:: TASK STATEMENT ::
Output each entry exactly as written.

Data entries
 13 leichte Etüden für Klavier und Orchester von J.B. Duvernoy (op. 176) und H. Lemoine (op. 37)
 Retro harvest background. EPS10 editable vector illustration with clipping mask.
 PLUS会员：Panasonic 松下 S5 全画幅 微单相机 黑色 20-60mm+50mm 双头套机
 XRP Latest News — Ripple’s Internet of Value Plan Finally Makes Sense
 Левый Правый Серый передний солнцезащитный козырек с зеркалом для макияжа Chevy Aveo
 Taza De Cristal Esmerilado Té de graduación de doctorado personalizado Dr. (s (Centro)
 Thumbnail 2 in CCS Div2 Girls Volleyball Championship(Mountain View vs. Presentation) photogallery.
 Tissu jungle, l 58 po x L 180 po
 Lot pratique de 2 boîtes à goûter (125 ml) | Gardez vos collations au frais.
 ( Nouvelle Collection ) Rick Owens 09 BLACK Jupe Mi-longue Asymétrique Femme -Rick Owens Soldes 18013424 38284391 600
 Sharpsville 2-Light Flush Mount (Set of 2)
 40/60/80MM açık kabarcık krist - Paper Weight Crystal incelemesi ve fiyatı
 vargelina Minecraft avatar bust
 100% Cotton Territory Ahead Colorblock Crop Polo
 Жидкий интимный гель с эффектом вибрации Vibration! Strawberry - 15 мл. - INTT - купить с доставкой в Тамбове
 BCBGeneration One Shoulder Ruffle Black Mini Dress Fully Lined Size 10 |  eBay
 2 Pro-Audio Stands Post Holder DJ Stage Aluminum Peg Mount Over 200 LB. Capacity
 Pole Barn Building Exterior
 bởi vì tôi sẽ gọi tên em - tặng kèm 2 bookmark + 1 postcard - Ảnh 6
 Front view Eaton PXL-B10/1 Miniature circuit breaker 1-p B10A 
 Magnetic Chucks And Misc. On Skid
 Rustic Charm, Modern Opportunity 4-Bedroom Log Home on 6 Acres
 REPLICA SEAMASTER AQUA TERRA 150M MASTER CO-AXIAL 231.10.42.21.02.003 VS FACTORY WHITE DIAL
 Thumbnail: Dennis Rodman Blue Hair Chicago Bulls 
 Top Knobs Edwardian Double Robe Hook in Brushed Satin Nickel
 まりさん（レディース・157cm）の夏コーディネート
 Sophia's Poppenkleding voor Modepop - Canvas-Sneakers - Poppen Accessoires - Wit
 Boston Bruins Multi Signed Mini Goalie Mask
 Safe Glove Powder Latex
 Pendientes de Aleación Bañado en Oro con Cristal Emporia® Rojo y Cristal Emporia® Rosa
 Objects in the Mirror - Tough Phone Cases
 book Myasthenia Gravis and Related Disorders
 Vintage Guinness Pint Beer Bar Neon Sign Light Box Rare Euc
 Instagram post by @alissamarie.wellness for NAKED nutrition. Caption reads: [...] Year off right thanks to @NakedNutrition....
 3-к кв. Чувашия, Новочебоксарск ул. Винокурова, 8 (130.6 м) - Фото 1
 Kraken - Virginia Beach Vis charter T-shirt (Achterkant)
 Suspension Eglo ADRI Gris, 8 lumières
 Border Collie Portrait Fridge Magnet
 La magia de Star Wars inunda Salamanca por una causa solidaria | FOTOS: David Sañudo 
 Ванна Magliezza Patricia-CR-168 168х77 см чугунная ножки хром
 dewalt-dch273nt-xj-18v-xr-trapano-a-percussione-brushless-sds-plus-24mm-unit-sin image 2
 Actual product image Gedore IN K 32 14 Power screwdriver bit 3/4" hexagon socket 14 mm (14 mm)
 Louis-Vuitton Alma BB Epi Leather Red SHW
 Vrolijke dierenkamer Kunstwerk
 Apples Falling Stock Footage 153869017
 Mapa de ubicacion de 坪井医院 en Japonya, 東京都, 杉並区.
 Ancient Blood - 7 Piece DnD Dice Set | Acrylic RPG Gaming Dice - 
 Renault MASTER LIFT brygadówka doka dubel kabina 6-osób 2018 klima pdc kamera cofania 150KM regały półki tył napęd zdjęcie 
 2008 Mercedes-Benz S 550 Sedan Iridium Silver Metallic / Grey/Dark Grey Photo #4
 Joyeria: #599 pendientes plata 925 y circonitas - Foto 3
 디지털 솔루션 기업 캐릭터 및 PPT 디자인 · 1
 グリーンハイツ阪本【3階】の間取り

:: ANSWER SPACE ::
 13 leichte Etüden für Klavier und Orchester von J.B. Duvernoy (op. 176) und H. Lemoine (op. 37)
 Retro harvest background. EPS10 editable vector illustration with clipping mask.
 PLUS会员：Panasonic 松下 S5 全画幅 微单相机 黑色 20-60mm+50mm 双头套机
 XRP Latest News — Ripple’s Internet of Value Plan Finally Makes Sense
 Левый Правый Серый передний солнцезащитный козырек с зеркалом для макияжа Chevy Aveo
 Taza De Cristal Esmerilado Té de graduación de doctorado personalizado Dr. (s (Centro)
 Thumbnail 2 in CCS Div2 Girls Volleyball Championship(Mountain View vs. Presentation) photogallery.
 Tissu jungle, l 58 po x L 180 po
 Lot pratique de 2 boîtes à goûter (125 ml) | Gardez vos collations au frais.
 ( Nouvelle Collection ) Rick Owens 09 BLACK Jupe Mi-longue Asymétrique Femme -Rick Owens Soldes 18013424 38284391 600
 Sharpsville 2-Light Flush Mount (Set of 2)
 40/60/80MM açık kabarcık krist - Paper Weight Crystal incelemesi ve fiyatı
 vargelina Minecraft avatar bust
 100% Cotton Territory Ahead Colorblock Crop Polo
 Жидкий интимный гель с эффектом вибрации Vibration! Strawberry - 15 мл. - INTT - купить с доставкой в Тамбове
 BCBGeneration One Shoulder Ruffle Black Mini Dress Fully Lined Size 10 |  eBay
 2 Pro-Audio Stands Post Holder DJ Stage Aluminum Peg Mount Over 200 LB. Capacity
 Pole Barn Building Exterior
 bởi vì tôi sẽ gọi tên em - tặng kèm 2 bookmark + 1 postcard - Ảnh 6
 Front view Eaton PXL-B10/1 Miniature circuit breaker 1-p B10A 
 Magnetic Chucks And Misc. On Skid
 Rustic Charm, Modern Opportunity 4-Bedroom Log Home on 6 Acres
 REPLICA SEAMASTER AQUA TERRA 150M MASTER CO-AXIAL 231.10.42.21.02.003 VS FACTORY WHITE DIAL
 Thumbnail: Dennis Rodman Blue Hair Chicago Bulls 
 Top Knobs Edwardian Double Robe Hook in Brushed Satin Nickel
 まりさん（レディース・157cm）の夏コーディネート
 Sophia's Poppenkleding voor Modepop - Canvas-Sneakers - Poppen Accessoires - Wit
 Boston Bruins Multi Signed Mini Goalie Mask
 Safe Glove Powder Latex
 Pendientes de Aleación Bañado en Oro con Cristal Emporia® Rojo y Cristal Emporia® Rosa
 Objects in the Mirror - Tough Phone Cases
 book Myasthenia Gravis and Related Disorders
 Vintage Guinness Pint Beer Bar Neon Sign Light Box Rare Euc
 Instagram post by @alissamarie.wellness for NAKED nutrition. Caption reads: [...] Year off right thanks to @NakedNutrition....
 3-к кв. Чувашия, Новочебоксарск ул. Винокурова, 8 (130.6 м) - Фото 1
 Kraken - Virginia Beach Vis charter T-shirt (Achterkant)
 Suspension Eglo ADRI Gris, 8 lumières
 Border Collie Portrait Fridge Magnet
 La magia de Star Wars inunda Salamanca por una causa solidaria | FOTOS: David Sañudo 
 Ванна Magliezza Patricia-CR-168 168х77 см чугунная ножки хром
 dewalt-dch273nt-xj-18v-xr-trapano-a-percussione-brushless-sds-plus-24mm-unit-sin image 2
 Actual product image Gedore IN K 32 14 Power screwdriver bit 3/4" hexagon socket 14 mm (14 mm)
 Louis-Vuitton Alma BB Epi Leather Red SHW
 Vrolijke dierenkamer Kunstwerk
 Apples Falling Stock Footage 153869017
 Mapa de ubicacion de 坪井医院 en Japonya, 東京都, 杉並区.
 Ancient Blood - 7 Piece DnD Dice Set | Acrylic RPG Gaming Dice - 
 Renault MASTER LIFT brygadówka doka dubel kabina 6-osób 2018 klima pdc kamera cofania 150KM regały półki tył napęd zdjęcie 
 2008 Mercedes-Benz S 550 Sedan Iridium Silver Metallic / Grey/Dark Grey Photo #4
 Joyeria: #599 pendientes plata 925 y circonitas - Foto 3
 디지털 솔루션 기업 캐릭터 및 PPT 디자인 · 1
 グリーンハイツ阪本【3階】の間取り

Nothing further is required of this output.